EXERCISE DIRECTIONS ▸ Give back exactly the lines of the data below, starting with the line that has "Antique Bronze Plated" and going on through the line that has "Htpmart Triple-Insulated Sublimation".

RECORD SET ▸
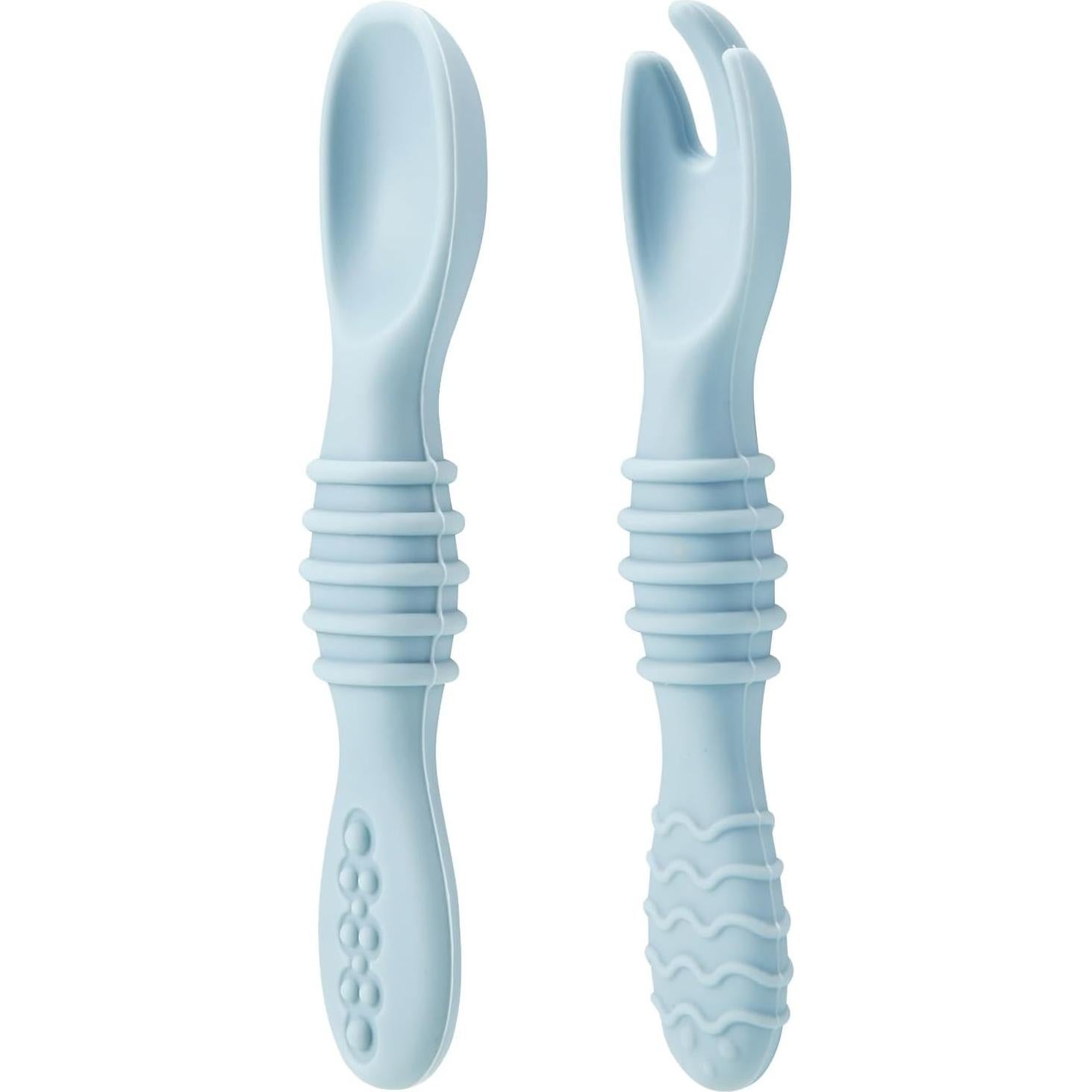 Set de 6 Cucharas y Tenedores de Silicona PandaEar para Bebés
---
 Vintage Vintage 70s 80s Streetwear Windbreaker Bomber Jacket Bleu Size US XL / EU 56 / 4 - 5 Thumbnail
---
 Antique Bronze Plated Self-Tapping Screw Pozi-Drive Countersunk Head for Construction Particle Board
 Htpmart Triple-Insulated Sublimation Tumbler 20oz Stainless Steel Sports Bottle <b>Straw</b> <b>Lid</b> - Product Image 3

RESPONSE BELOW ▸
 Antique Bronze Plated Self-Tapping Screw Pozi-Drive Countersunk Head for Construction Particle Board
 Htpmart Triple-Insulated Sublimation Tumbler 20oz Stainless Steel Sports Bottle <b>Straw</b> <b>Lid</b> - Product Image 3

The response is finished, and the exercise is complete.